Any thoughts? @Jasper? @Stephan_Tual? ?
To be honest i am not entirely sure how behavioral testing is done, but it seems to be at least in part what we're infact already doing. In this context, the difference between `given` and `when` is that `given` is a requirement on the state of the contract, and `when` is a requirement on the transaction?
Having been a lisp enthousiast, I am a bit in the code=data(or rather, a continuum) camp; i.e. i'd rather have the programming language itself suiting the test.
@mids106 might be interested in this discussion aswel.
Reaching to the stars:
Can these specifications be written general enough to cover for example a Security? What are the minimum requirements a security must fulfill? Could we have a library of financial specifications?
If people want to move ahead with related projects, like stabilizing the existing compilers (which are all over the map!), setting up testing frameworks, etc, would you be able to give us a gut feeling for the level of stability that can be expected in the VM semantics at this point? Are we at 90% of what you want to go live with, or still in the 40-50% range with ongoing experimentation? I'm asking specifically about opcodes, memory/storage implementation details, and LLL language features (I saw the recent patches for this, will there be more?).

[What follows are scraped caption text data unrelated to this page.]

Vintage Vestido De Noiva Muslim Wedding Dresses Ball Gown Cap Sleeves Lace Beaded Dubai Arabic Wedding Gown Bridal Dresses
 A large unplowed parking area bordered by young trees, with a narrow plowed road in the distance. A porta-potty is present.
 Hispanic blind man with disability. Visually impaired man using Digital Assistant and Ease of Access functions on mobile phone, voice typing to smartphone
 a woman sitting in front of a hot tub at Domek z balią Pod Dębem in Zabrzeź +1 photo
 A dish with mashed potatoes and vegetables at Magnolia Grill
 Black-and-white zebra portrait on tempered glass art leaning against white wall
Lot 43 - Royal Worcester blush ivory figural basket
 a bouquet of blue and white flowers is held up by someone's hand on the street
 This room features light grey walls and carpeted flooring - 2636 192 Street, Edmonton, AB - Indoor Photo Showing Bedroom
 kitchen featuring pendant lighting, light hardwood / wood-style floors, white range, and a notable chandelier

I imagine if you're trying to get some of the UX and IDE framework as well as a usable mining algo in place for December, that work on the protocol fundamentals must be tapering off soon?
@Roland I like the idea of spec based programming. I feel it leads to a bit more bloat, but it's usually worth it in exchange for actually delivering what is desired. Also, for most lay people, a declarative spec for a smart contract would read much closer to a conventional legal contract than would an HLL algorithm. Most people CAN read a bit of code if they put their mind to it, but it doesn't read as easily as a short paragraph of declarative specification.